Dr. Goodrich agreed that this is a challenge.

“How do we make it usable for the average front-line nurse or doctor who didn’t go to school to learn how to code and analyze data?” she asked. “How do we get platforms and analytics that are developed using human-centered design principles to make it very understandable and actionable to the front-end clinician, but also to patients and consumers? What is really needed to truly drive improvement is not just access to the data but usability.” She added that this problem is directly related to the usability of electronic health records. “That is a significant focus right now for the Office of the National Coordinator [of Health Information Technology] – to move away from just [adopting] EHRs, to promoting interoperability and also the usability aspects that exactly gets to the problems we’ve identified.”

Dr. Wachter also warned that too much data could have a negative impact on the delivery of care.

“One of the challenges we face is continuing to stay alert, not turn our brains off, and become increasingly dependent on the computer to give us information,” he said. “How do we avoid the challenges we’ve already seen from things like alert and alarm fatigue as the computer becomes more robust as an information source. There is always the risk it is going to overwhelm us with too much information, and we are going to fall asleep at the switch. Or when the computer says something that really is not right for a patient, we will not be thinking clearly enough to catch it.”

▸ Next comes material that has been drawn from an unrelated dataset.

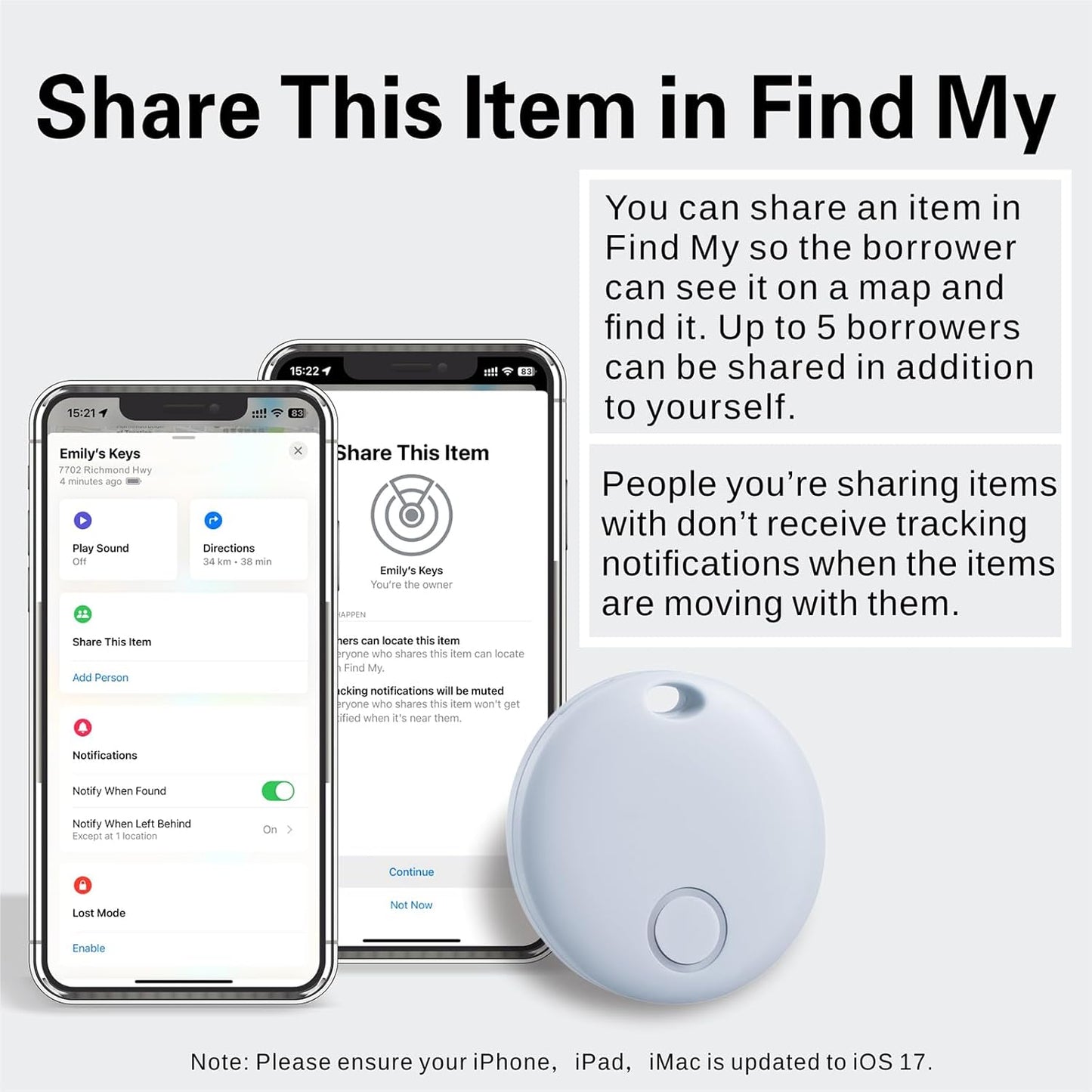Reyke Smart Tag, Air Tracker Luggage Tracker, Works with Apple Find My (iOS Only), Item Locator for Key, Luggage, Backpack, Wallet, IP67 Waterproof, Blue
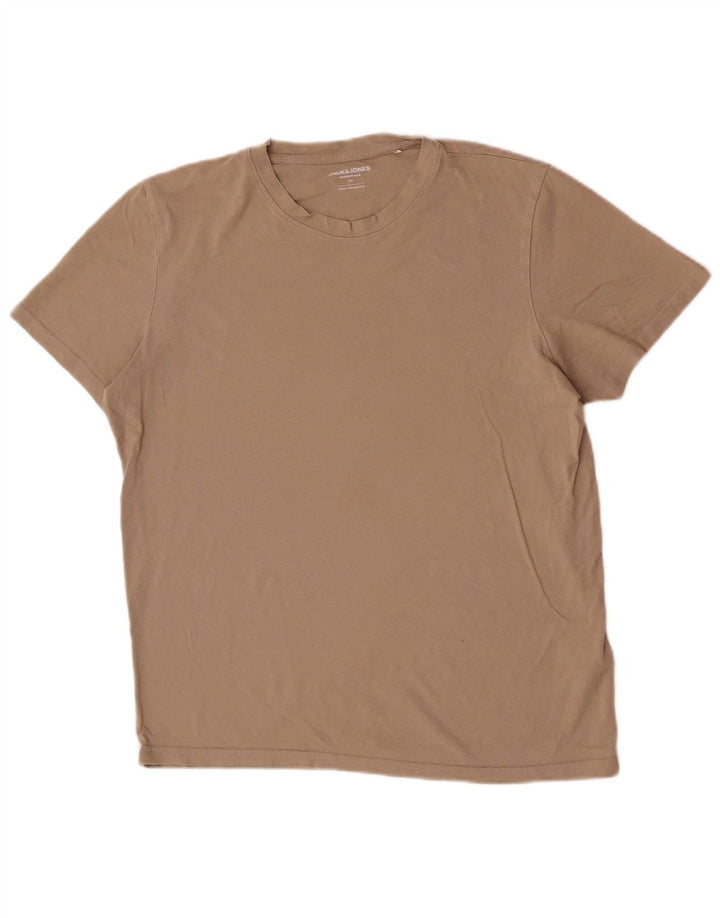 Jack & Jones Ανδρικό T-Shirt Τοπ μεσαίο καφέ βαμβακερό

Despite the looming challenges and industry consolidation that are expected, Dr. Wachter doesn’t believe there will be any shortage of demand for hospitalists.

“I think in most circumstances, [hospitalists are a protected] profession, given the complexity, the high variations, and the dependence that it still has on seeing the patient, talking to the patient, and talking to multiple consultants,” he said. “It’s a pretty hard thing to replace with technology. Overall, the job situation is pretty bright.”